▶ [Task directions] Below are the records; output them exactly from the first line through the line with "gray JinShan Jade", stopping there.
- Opening Delimiter -
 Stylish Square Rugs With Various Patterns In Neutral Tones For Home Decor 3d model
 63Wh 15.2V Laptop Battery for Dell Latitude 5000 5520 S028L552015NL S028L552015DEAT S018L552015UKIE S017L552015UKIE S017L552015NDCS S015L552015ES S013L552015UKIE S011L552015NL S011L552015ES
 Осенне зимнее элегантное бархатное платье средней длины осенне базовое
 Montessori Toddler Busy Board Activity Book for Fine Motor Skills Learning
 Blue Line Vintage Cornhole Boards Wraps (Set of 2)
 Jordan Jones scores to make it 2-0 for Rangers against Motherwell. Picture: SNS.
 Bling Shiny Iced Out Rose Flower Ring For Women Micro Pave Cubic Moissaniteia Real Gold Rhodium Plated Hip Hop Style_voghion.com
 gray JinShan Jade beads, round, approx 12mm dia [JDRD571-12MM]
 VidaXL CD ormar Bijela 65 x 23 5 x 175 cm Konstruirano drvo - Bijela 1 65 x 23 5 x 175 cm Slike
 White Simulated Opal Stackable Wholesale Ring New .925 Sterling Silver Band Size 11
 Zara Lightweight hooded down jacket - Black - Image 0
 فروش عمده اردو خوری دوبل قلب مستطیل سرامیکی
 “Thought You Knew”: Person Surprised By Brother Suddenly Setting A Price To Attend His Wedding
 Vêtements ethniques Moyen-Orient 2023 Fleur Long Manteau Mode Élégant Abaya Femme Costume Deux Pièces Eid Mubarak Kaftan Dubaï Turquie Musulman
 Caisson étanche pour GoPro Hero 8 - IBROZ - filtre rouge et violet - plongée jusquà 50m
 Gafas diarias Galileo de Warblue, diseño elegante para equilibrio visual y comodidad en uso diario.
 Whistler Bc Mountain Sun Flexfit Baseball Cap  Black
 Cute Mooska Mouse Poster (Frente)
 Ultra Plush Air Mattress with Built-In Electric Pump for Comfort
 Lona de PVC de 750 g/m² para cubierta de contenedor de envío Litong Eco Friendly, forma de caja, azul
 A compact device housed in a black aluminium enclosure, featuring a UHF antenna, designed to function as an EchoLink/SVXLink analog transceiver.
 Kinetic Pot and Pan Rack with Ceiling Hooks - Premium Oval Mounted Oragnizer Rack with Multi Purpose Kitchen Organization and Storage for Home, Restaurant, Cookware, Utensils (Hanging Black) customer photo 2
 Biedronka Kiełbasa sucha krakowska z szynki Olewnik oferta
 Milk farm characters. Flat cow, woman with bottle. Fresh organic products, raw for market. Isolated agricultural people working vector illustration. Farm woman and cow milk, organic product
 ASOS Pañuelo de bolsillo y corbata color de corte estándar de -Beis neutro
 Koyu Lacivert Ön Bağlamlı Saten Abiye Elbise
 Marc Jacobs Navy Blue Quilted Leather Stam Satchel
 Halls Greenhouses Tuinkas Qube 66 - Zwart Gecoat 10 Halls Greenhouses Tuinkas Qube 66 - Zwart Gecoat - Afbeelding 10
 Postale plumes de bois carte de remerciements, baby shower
- Closing Delimiter -
▶ [Your response]
 Stylish Square Rugs With Various Patterns In Neutral Tones For Home Decor 3d model
 63Wh 15.2V Laptop Battery for Dell Latitude 5000 5520 S028L552015NL S028L552015DEAT S018L552015UKIE S017L552015UKIE S017L552015NDCS S015L552015ES S013L552015UKIE S011L552015NL S011L552015ES
 Осенне зимнее элегантное бархатное платье средней длины осенне базовое
 Montessori Toddler Busy Board Activity Book for Fine Motor Skills Learning
 Blue Line Vintage Cornhole Boards Wraps (Set of 2)
 Jordan Jones scores to make it 2-0 for Rangers against Motherwell. Picture: SNS.
 Bling Shiny Iced Out Rose Flower Ring For Women Micro Pave Cubic Moissaniteia Real Gold Rhodium Plated Hip Hop Style_voghion.com
 gray JinShan Jade beads, round, approx 12mm dia [JDRD571-12MM]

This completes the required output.